Work item: Copy out all of the lines below exactly; the pictures do not belong in the copy.

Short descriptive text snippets
:::

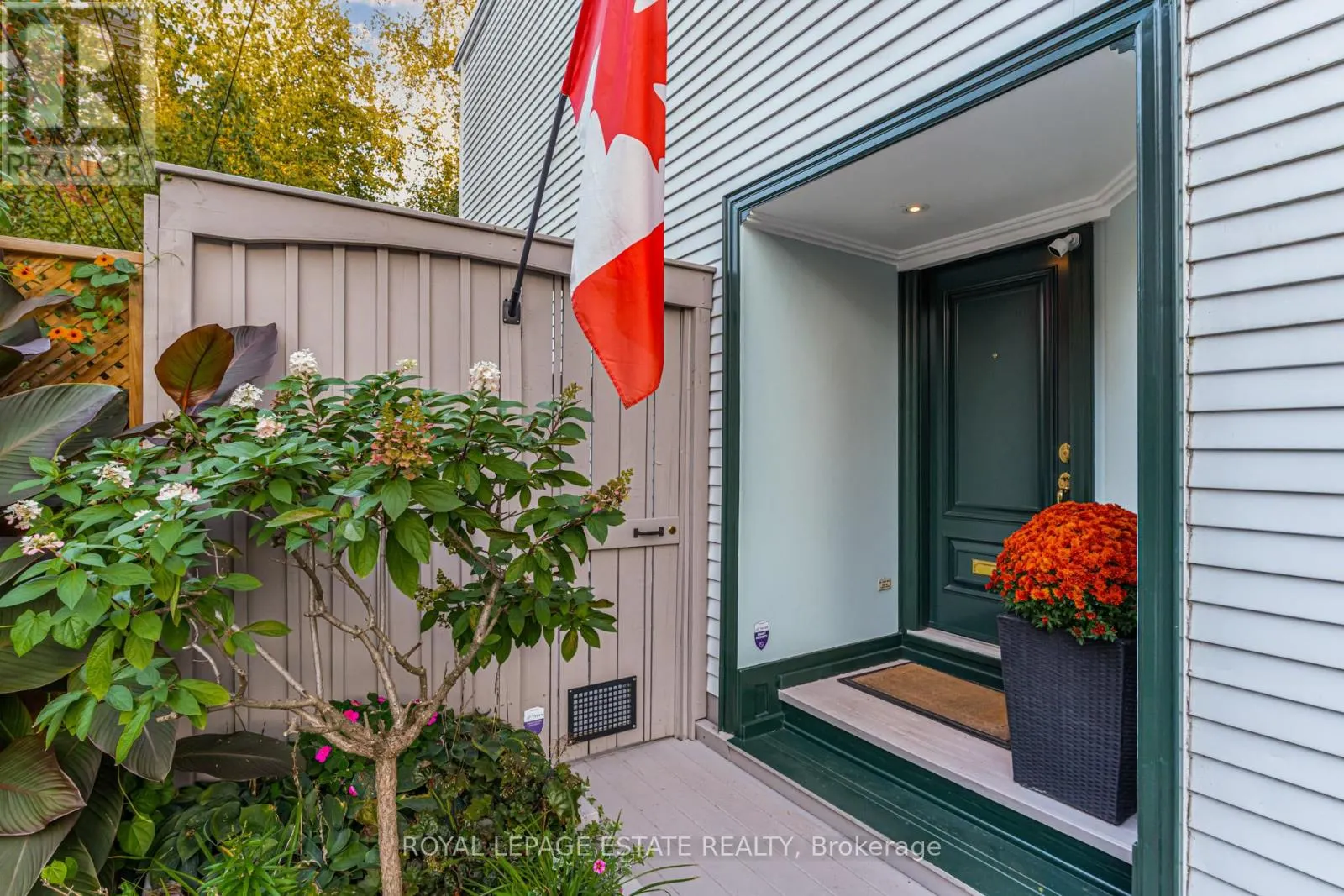 5 WOODSTOCK PLACE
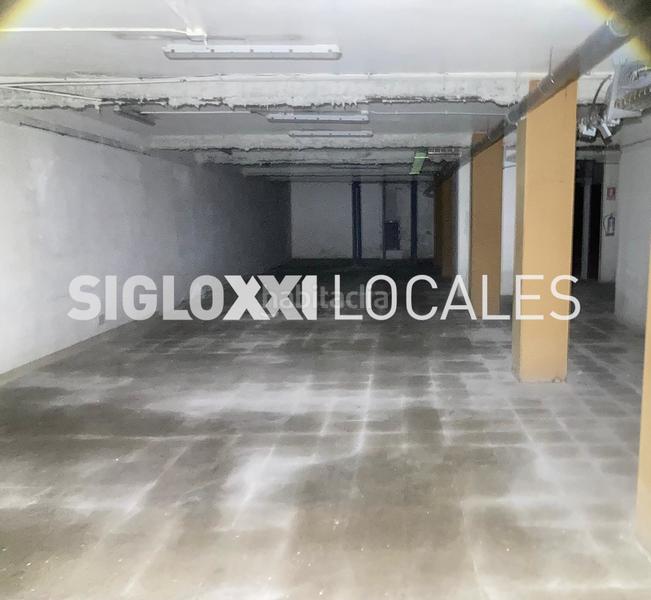 Foto 433d08e8-3a78-470b-ac95-cbf38c36f67b. Local comercial en La Nova Esquerra de l´Eixample Barcelona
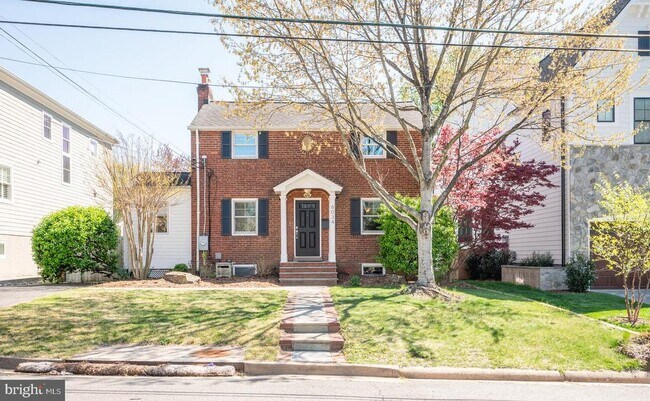 Building Photo - 6034 21st St N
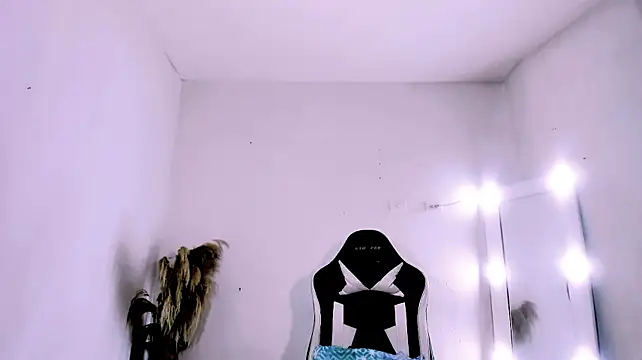 carolinemiller7 webcam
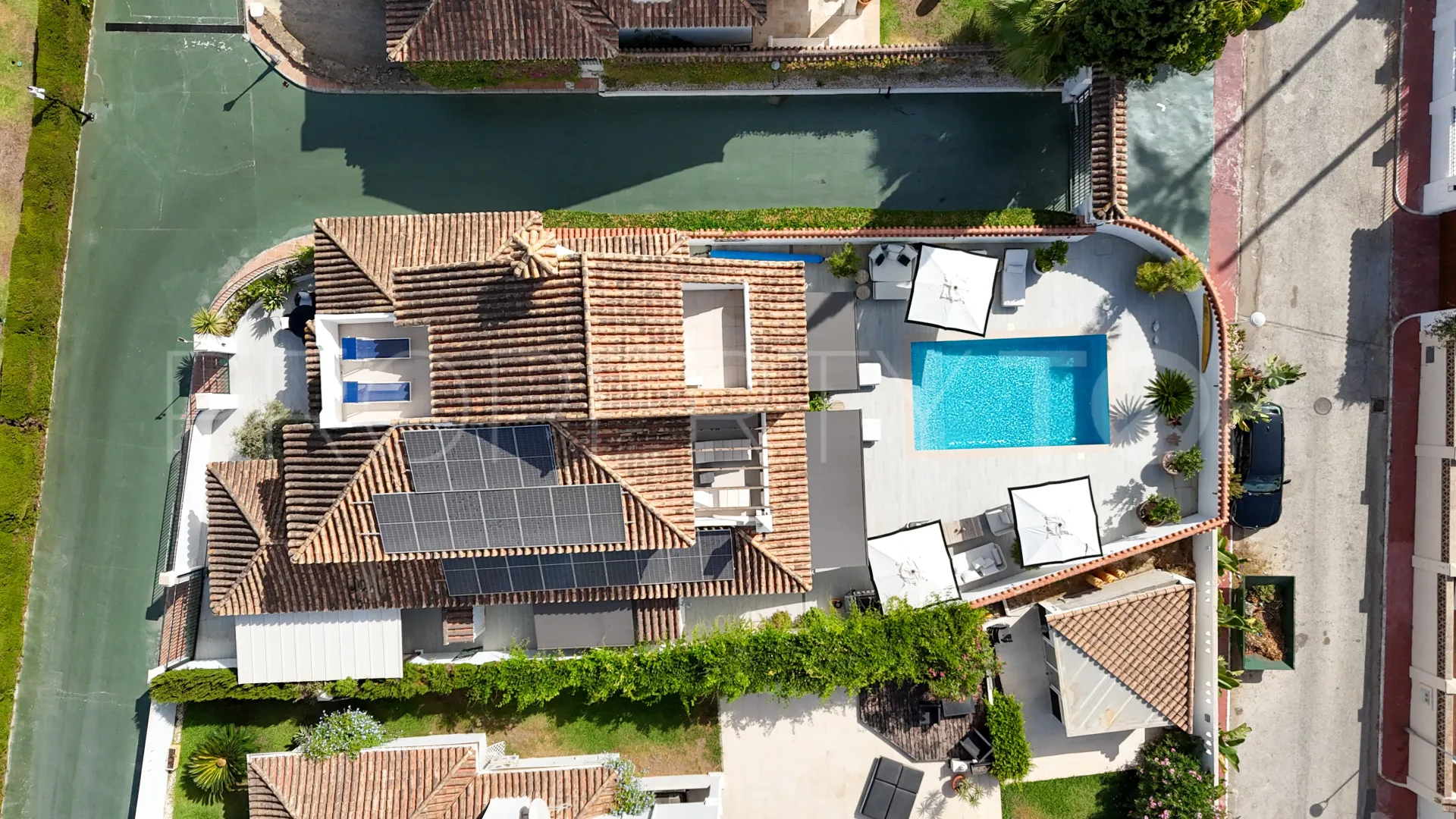 Buy 5 bedrooms villa in Parcelas del Golf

:::

Answer to this task:
 5 WOODSTOCK PLACE
 Foto 433d08e8-3a78-470b-ac95-cbf38c36f67b. Local comercial en La Nova Esquerra de l´Eixample Barcelona
 Building Photo - 6034 21st St N
 carolinemiller7 webcam
 Buy 5 bedrooms villa in Parcelas del Golf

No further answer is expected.